• [EXERCISE INSTRUCTIONS] From the entries below, gather each line containing the word "Edition".

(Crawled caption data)

↓

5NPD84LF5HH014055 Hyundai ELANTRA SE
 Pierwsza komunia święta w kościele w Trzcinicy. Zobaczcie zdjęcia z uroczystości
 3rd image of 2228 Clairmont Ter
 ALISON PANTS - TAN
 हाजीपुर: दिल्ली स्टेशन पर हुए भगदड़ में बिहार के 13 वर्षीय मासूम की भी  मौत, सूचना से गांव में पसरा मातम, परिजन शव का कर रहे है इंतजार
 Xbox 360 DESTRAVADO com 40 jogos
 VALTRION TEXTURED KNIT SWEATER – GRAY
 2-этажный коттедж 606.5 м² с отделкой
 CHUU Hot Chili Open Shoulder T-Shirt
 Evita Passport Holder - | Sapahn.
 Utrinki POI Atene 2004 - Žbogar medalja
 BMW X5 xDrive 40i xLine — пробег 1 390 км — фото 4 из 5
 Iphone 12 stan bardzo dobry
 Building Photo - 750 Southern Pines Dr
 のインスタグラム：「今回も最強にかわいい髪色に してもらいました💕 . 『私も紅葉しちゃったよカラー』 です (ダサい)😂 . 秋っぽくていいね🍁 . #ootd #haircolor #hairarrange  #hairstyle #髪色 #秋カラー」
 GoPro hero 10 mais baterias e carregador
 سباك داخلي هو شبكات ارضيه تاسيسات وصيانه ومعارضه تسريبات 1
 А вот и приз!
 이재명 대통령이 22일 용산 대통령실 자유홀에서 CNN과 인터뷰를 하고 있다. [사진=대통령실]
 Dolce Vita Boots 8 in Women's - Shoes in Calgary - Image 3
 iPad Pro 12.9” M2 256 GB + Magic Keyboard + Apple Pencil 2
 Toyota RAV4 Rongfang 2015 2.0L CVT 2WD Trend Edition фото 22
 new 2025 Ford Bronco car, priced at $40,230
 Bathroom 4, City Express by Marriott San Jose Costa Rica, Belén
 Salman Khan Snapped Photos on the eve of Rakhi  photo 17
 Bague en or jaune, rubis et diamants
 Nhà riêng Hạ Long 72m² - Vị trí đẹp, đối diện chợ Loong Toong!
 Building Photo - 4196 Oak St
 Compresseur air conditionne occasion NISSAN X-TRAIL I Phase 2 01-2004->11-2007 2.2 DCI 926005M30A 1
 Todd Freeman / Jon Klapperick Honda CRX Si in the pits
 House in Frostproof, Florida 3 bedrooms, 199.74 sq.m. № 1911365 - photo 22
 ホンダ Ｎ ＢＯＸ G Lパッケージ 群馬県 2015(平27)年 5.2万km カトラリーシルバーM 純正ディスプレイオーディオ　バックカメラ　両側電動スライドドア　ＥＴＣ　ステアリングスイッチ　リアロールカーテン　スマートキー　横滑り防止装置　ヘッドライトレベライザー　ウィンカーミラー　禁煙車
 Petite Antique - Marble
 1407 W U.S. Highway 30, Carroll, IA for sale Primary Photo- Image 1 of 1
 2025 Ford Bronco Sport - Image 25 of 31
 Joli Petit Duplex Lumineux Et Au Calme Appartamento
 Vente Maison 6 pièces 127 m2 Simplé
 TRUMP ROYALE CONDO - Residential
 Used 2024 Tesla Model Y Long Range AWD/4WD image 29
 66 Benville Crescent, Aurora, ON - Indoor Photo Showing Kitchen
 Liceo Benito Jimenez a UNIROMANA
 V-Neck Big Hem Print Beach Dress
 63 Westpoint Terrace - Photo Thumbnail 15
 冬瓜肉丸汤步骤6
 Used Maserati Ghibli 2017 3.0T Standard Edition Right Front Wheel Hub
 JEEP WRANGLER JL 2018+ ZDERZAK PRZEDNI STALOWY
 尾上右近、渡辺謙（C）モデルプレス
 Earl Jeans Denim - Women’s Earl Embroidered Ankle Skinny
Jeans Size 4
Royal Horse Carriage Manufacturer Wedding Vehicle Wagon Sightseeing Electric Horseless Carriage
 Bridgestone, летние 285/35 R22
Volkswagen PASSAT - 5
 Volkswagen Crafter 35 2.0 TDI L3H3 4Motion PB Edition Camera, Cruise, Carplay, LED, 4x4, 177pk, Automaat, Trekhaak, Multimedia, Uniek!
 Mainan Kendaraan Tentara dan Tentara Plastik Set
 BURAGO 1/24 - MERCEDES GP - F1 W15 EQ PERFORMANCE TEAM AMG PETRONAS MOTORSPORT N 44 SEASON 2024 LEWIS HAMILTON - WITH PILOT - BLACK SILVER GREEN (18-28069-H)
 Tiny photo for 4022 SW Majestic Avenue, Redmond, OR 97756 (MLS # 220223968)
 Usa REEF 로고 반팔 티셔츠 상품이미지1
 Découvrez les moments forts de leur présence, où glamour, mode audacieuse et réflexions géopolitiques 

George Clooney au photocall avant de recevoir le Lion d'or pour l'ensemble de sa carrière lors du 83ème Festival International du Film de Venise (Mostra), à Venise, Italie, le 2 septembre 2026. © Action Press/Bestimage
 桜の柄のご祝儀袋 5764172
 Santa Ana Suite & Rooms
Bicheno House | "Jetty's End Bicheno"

↑

• [PROBLEM SOLUTION]
 Toyota RAV4 Rongfang 2015 2.0L CVT 2WD Trend Edition фото 22
 Used Maserati Ghibli 2017 3.0T Standard Edition Right Front Wheel Hub
 Volkswagen Crafter 35 2.0 TDI L3H3 4Motion PB Edition Camera, Cruise, Carplay, LED, 4x4, 177pk, Automaat, Trekhaak, Multimedia, Uniek!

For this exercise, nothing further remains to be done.